In ogni dove

Pubblicato il 05-09-2021

di Stefano Caredda

Li chiamano giovani "restanti" e sono – per dirla facile – quelli che vivono e vogliono continuare a vivere lontano dalle grandi città. Quelli cioè che non si rassegnano a dover abbandonare i luoghi in cui sono nati e cresciuti, o in cui semplicemente hanno scelto di vivere: giovani che ora chiedono un cambio di passo perché il tema diventi uno dei punti chiave delle politiche del futuro.
Le cosiddette "aree interne" ricoprono il 60% del Paese: in questi territori vive il 22% della popolazione italiana, cioè poco più di un cittadino su cinque. Qui i giovani sono circa il 20% della popolazione e più della metà di loro ha (o avrebbe) intenzione di restare, pianificando in quei territori la propria vita e il proprio lavoro. È una scelta dovuta in primo luogo all'attenzione alla qualità della vita dal punto di vista ambientale e sociale. Dopo più di 60 anni infatti il modello urbano-centrico, che ha caratterizzato la vita italiana almeno a partire dal boom economico degli anni Sessanta del secolo scorso, è entrato in crisi, e si è fatta strada l'idea che uno sviluppo sostenibile debba passare anche dal disinnescare un meccanismo di migrazione verso le città che ormai appare legato a vecchie logiche.

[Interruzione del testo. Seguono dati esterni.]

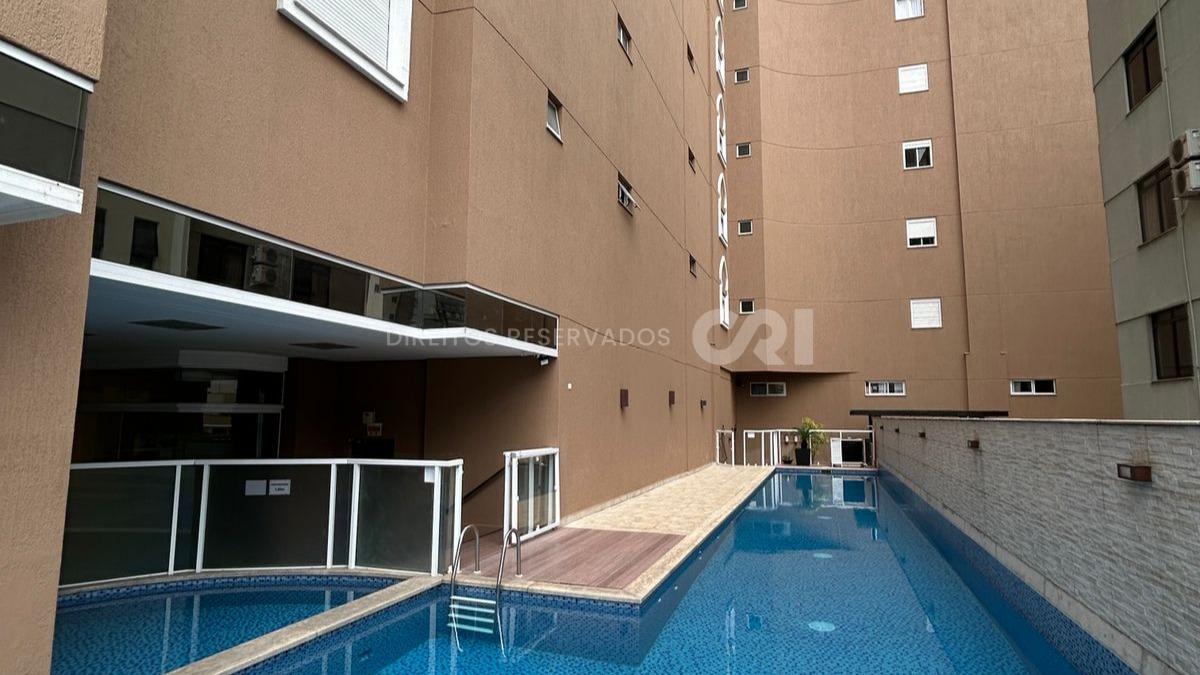 Apartamento com 3 suítes 185m² no Mar das Arábias na Meia Praia em Itapema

Non che il tema finora non sia stato trattato: un Comitato Tecnico Aree Interne del Ministero per il Sud e la Coesione territoriale si prefigge la realizzazione della "Strategia nazionale aree interne" (Snai), che altro non è che una politica nazionale di sviluppo e coesione territoriale che mira a contrastare la marginalizzazione ed i fenomeni di declino demografico propri delle aree interne del nostro Paese. In particolare sono state finora individuate 72 aree (oltre mille comuni e due milioni di abitanti) in cui attuare interventi, alcuni già partiti, altri in attesa dei necessari accordi fra tutte le amministrazioni pubbliche coinvolte.

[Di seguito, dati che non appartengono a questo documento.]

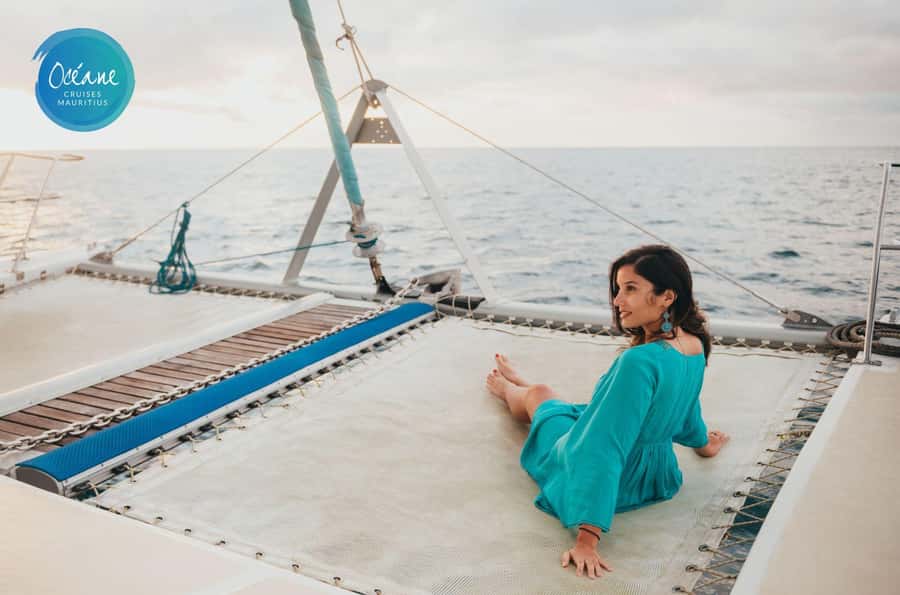 Ile aux Benitiers : Private OCÉANE Sunset Cruise - What the $612 price really buys you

Ciò però che viene messo in evidenza dai giovani dell'Officina Giovani Aree Interne, chiamati ad elaborare un documento che sarà presentato all'attenzione del governo, è che una "rivincita delle aree interne" passa per la presenza di più partecipazione, più formazione, più cultura e più welfare. Nella gran parte dei territori infatti non ci sono scuole superiori (il primo passo della "fuga") ma soprattutto manca un'offerta formativa capace di intercettare davvero le possibilità lavorative che le diverse aree interne possono offrire. Opportunità che ci sono, perché "rimanere" non significa per forza diventare agricoltori o allevatori (c'è anche questo naturalmente, in forme imprenditoriali adeguate ai tempi). Inoltre, ci vuole anche cultura, ci vogliono servizi pubblici (come il trasporto pubblico a chiamata), ci vogliono politiche sociali con servizi di prossimità che partano dai bisogni delle persone. Insomma, città e aree interne non devono vivere in antitesi (le prime che attraggono innovazione e investimenti, le altre che vengono abbandonate), ma possono tessere nuovi rapporti interdipendenti e aiutarsi. Il futuro del Paese si gioca in ogni dove.